GaussMaxHS, a CNF-XOR MaxSAT solver based on MaxHS

The code uses MiniSat as the SAT solver, CPLEX from IBM as the MIPS solver, MaxHS for MaxSAT solving, and a version of Gauss-Jordan elimination to perform CDCL(T). For our research paper PDF, see here, published at Knowledge Representation and Reasoning (KR) 2021 (Bibtex)

Building and installing

Get CPLEX

You need the CPLEX static libraries to link against. CPLEX is available from IBM under their academic Initiative program. It is free to faculty members and graduate students in academia, see here.

You can apply for their academic initiative program and then then you can download CPLEX and other IBM software.

Configure and Build

Use make config VAR=defn or edit config.mk directly. Required variable settings:

• Linux: LINUX_CPLEXLIBDIR=<path to CPLEX library> the directory on your linux system that contains libcplex.a and libilocplex.a (the makefile does a static build). LINUX_CPLEXINCDIR=<path to CPLEX headers>
• MacOS: DARWIN_CPLEXLIBDIR=<path to CPLEX library> the directory on your MAC system that contains libcplex.a and libilocplex.a (the makefile does a static build), DARWIN_CPLEXINCDIR=<path to CPLEX headers>

After the above configuration, you can:

make install

How to Run

The system expects a CNF-XOR input, which is the same as the WDIMACS format with the extension that you can add XOR constraints just like with CryptoMiniSat, and the weight must be provided after the 'x'. Note that all XOR constraints must be hard constraints. Furthermore, XOR constraints must be at least 3-long, as 2-long XORs are trivial to write in CNF as two binary constraints.

For example, let's take the following input file:

p wcnf 4 6 10
5 1 2 -3 0
5 1 -2 3 0
5 -1 2 3 0
5 -1 -2 -3 0
x 10 1 2 3 0
x 10 -1 3 4 0

This file contains four variables and six constraints, and promises to give weights with a hard constraint having a weight of 10 (hence the header p wcnf 4 6 10).
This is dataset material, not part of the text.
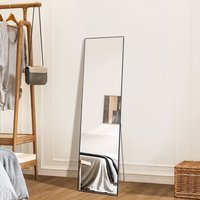 Lifeideas Rectangular Full Length Mirror - Black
The first four constraints say that v1 or v2 or NOT v3 = true, v1 or NOT v2 or v3 = true, etc. all being soft constraint with a weight of 5. The last two lines say that v1 XOR x2 = true and v1 XOR v3 XOR v4 = false, both of which have a weight of 10, and are hard constraints.
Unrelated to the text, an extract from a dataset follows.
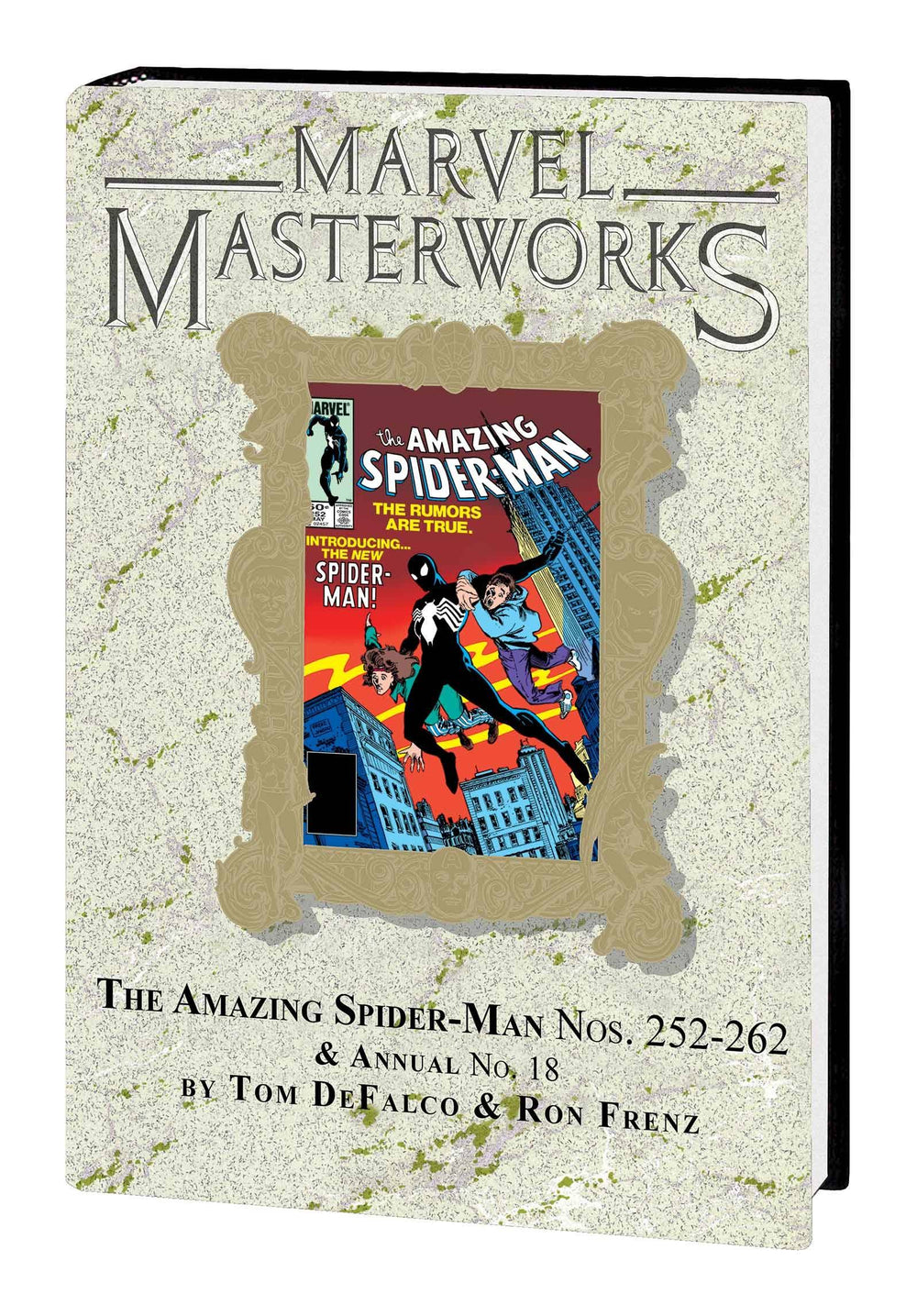 MMW AMAZING SPIDER-MAN HC VOL 24 DM VAR ED 334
When you run the tool on the problem above, you get the following output:

git clone https://github.com/meelgroup/gaussmaxhs
cd gaussmaxhs
make
cd build/bin/release
./maxhs input.wcnf
[...]
o 5
s OPTIMUM FOUND
v -1 -2 3 4
[...]

This indicates that the lowest cost has been found, and it's the solution v1=false, v2=false, v3=true, v4=true. The cost of this solution is 5, because one of the soft constraints had to be violated, as together they clash with the first XOR constraint.

Generating Spin Glass and Network Reliability problems

You will find generate-netrel.sh and generate-spin.sh problem generators under the default binary location build/release/bin. You can run these scripts to generate example Spin Glass and Network Reliability problems for you.

To run the generate-netrel.sh script, you will need to extract the files from build/release/bin/network-reliability/net-rel.tar.gz first. The files should all be extracted under build/release/bin/network-reliability/, e.g. one file should be build/release/bin/network-reliability/Net27_90_22_count_118.cnf.

Fuzzing

You can find various fuzzers for the GaussMaxHS system under build/release/bin, the default binary location. You can run fuzz.sh to fuzz the system against MaxHS without Gauss-Jordan elimination. While this fuzzing is incomplete, it should find most bugs. You will need CryptoMiniSat5 installed, as the script uses CryptoMiniSat to check for errors with GJE.